The Cycle Sync Work Flow
This one is unorthodox, but another study reported in Forbes demonstrates that the current system of work (which, again, was optimized in a time where only men were in the workforce and were mostly working with their hands) is not conducive to creative flow, especially for women.
One alternative is referred to as the “cycle-sync,” referring to how women function differently in relation to work depending on which of four hormonal phases they are in during a given month:
Follicular Phase (6-14 days): Highest creative output
Ovulatory Phase (15-17 days): Highest collaborative output
Luteal Phase (18-28 days): Highest task output
Menstruation Phase (1-5 days): Highest evaluative output
Men also have both hormonal and creative cycles, though they are different and get less attention. These obviously vary by person to person and between men and women, but at the heart of this is a decentralized emphasis on standardization and an increased emphasis on effectiveness and creativity. Some studies show that when executives are in a state of “flow” (that creative space where there are no distractions and everything just clicks), they can be up to 500% more productive than when they’re out of it. That is the sort of space where you can knock something out in an hour with a dose of creative juice that would otherwise take you three days.
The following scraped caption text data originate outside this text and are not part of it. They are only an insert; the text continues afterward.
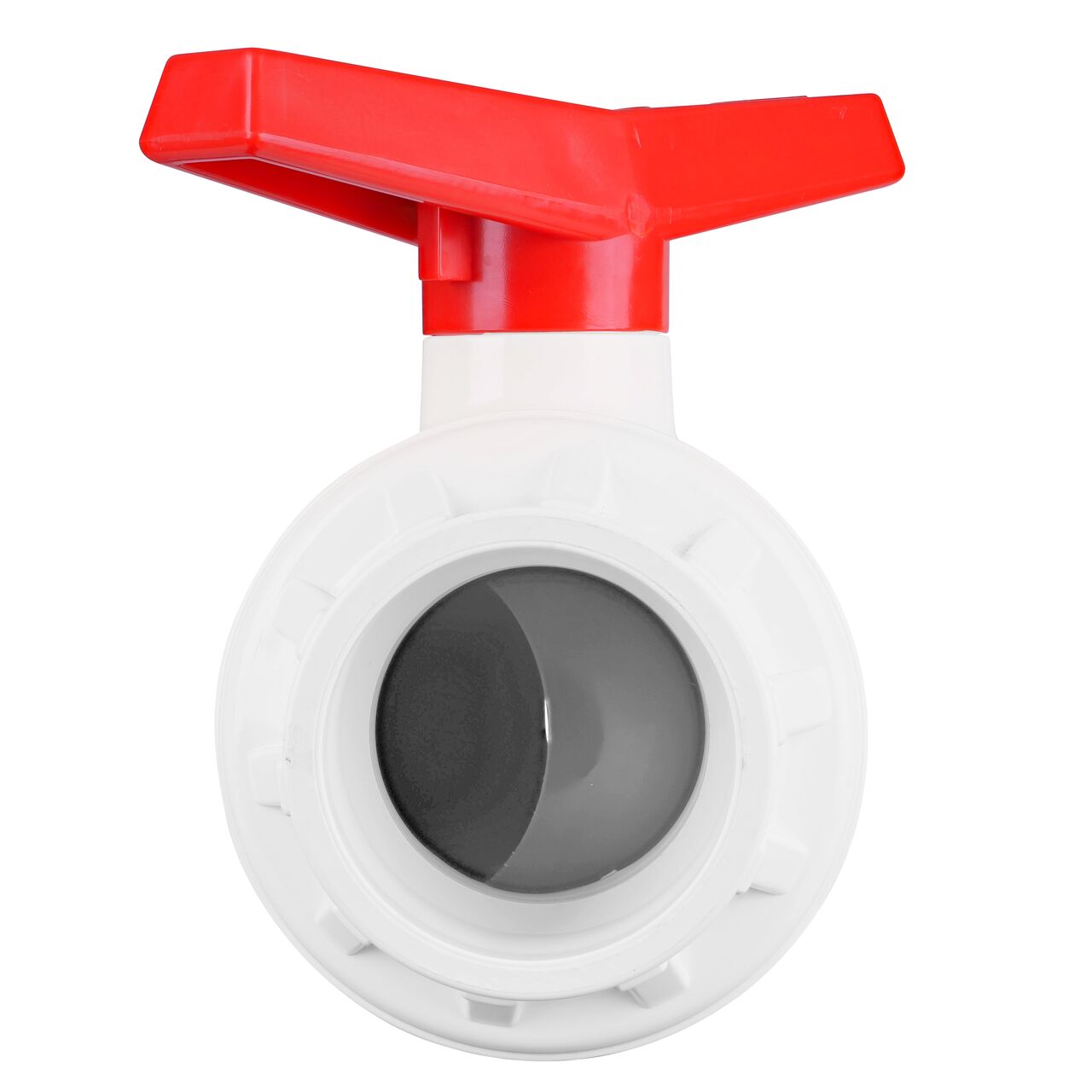 Rotate the handle to easily open or close the valve ball that controls water flow on the NDS 3 in. PVC IPS Ball Valve (NDS E1410-30)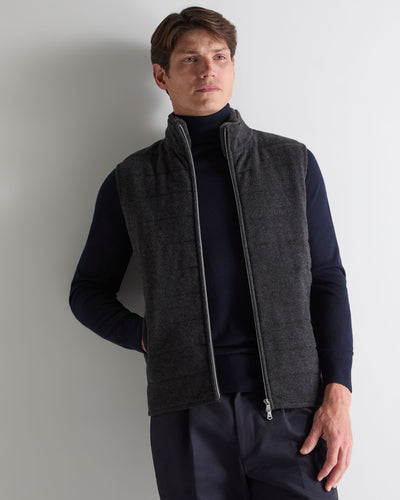 N.Peal Men's Padded Fur Trim Cashmere Gilet Deep Charcoal Grey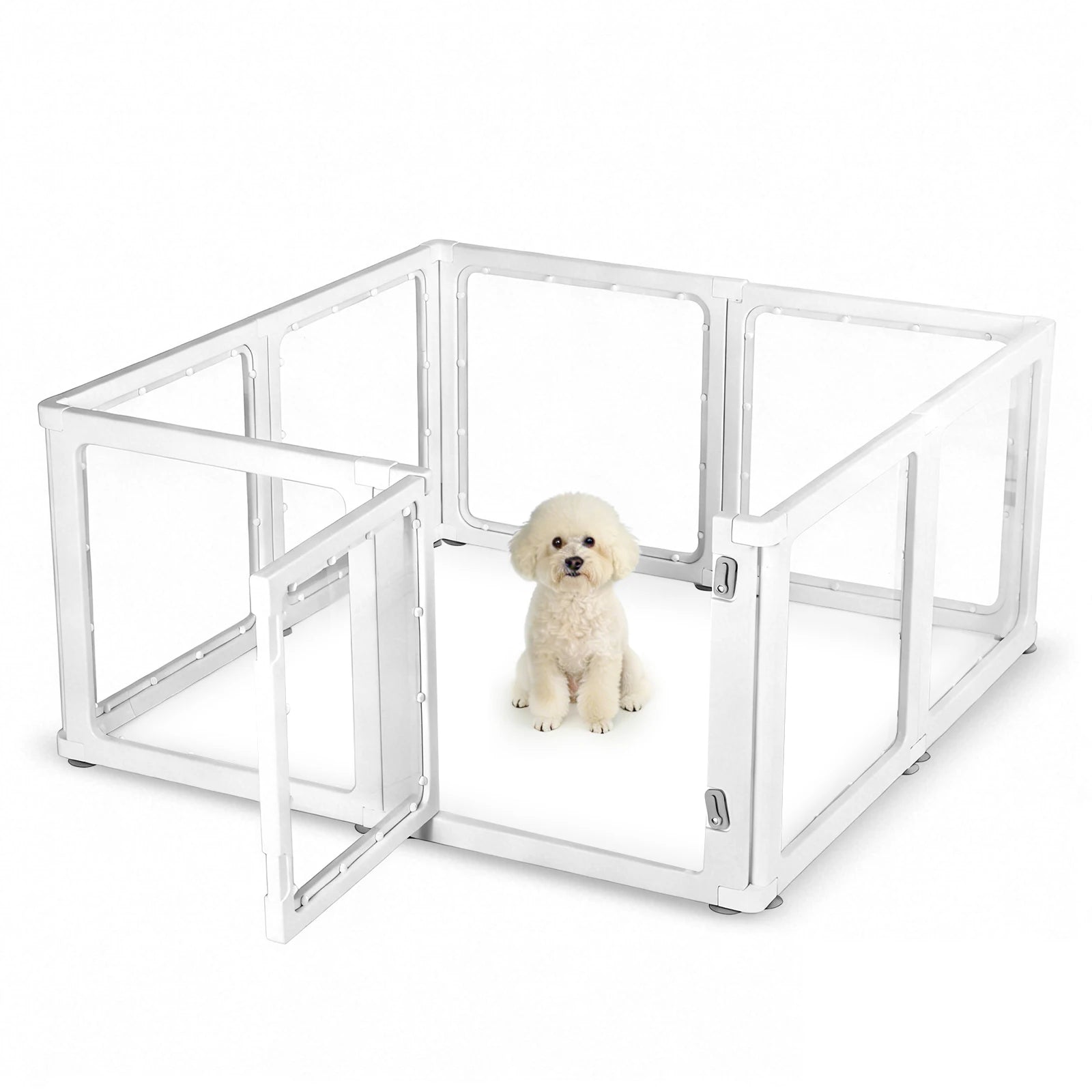 Enclos Transparent en Acrylique pour Chien avec Porte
Antonio Sparado in his book Cybertheology refers to this as the pursuit, not of idleness, but of creative imagination. He notes that humanity is not organized through a rigid schedule but instead through flexible rhythms and creativity which become the measure of human work (55).
This obviously is a radical departure from the traditional emphasis on a standardized work week. But I have found among those I have led that releasing trust and giving people the space to work creatively without the constraints of bureaucracy has tremendous benefits. The decentralization of work flow benefits both the organization and the individual.